Trigger-based Postgres CDC
In this version of the Postgres CDC, Insert, Update, and Delete changes happening in the table of interest can be identified by the users. They can insert one row for each change made into a change table and build a changelog. This Trigger-based function is supported by the 9.1 version and later of PostgreSQL and can store all changes in the audit.logged function. Though all the changes are stored in PostgreSQL only, users can repeatedly query the change table if they want to save the changes to a data warehouse or other database systems.
Pros
# All change events are captured immediately by Postgres CDC in real time.
# Useful metadata
- The PostgreSQL Trigger function automatically adds useful metadata to the change events. Examples include the transaction ID, the session user name, or the statement that caused the change.
Cons
# Postgres CDC increases the execution time of the original statement, hence adversely affecting the performance of PostgreSQL.
# Only if changes are made to the PostgreSQL database will the triggers in it work.
# A separate data pipeline has to be set up that will poll the table filled with the trigger function. However, this is necessary only when change events are required to be synced to a data store or data warehouse apart from the PostgreSQL database.
Logical Replication-based Postgres CDC
The Logical Replication-based Postgres CDC is an improved model that was launched with the 9.4 version of PostgreSQL and can effortlessly replicate data to various PostgreSQL instances on separate systems. Primarily, it is a write-ahead log on disk that includes all changes to the data in the PostgreSQL database such as Delete, Insert, and Update.

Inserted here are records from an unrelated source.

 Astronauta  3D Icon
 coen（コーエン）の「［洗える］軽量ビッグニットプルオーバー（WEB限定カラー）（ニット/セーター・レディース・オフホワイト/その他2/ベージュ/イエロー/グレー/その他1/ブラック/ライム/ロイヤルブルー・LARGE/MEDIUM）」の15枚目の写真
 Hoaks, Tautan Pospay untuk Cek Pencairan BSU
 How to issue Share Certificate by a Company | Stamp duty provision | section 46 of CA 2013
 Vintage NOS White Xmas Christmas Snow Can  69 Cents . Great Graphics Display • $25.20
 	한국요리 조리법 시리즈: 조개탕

This replication model of the Postgres CDC is not enabled on all database systems by default. It has to be done by enabling changes to the configuration file. While a decoding plugin implements logical replication automatically, the same has to be done manually for PostgreSQL versions older than 10. Most managed PostgreSQL functions provide logical replication support such as AWS RDS, Google Cloud SQL, or Azure Database.
Pros
# Data is captured in real-time by log-based CDC, thereby providing continuous access to the current data from PostgreSQL to downstream applications.
# All types of changes like Update, Delete, and Insert are detected by this method, unlike the other two types.
# Since logical replication-based Postgres CDC leads to direct access to file systems, implementing changes to it does not affect the performance of the PostgreSQL database.
Cons
# Versions of PostgreSQL that were released prior to the launch of the 9.4 version do not support logical replication.
Among the three methods of Postgres CDC, the latest logical-based replication model is the most technologically advanced and the most effective one.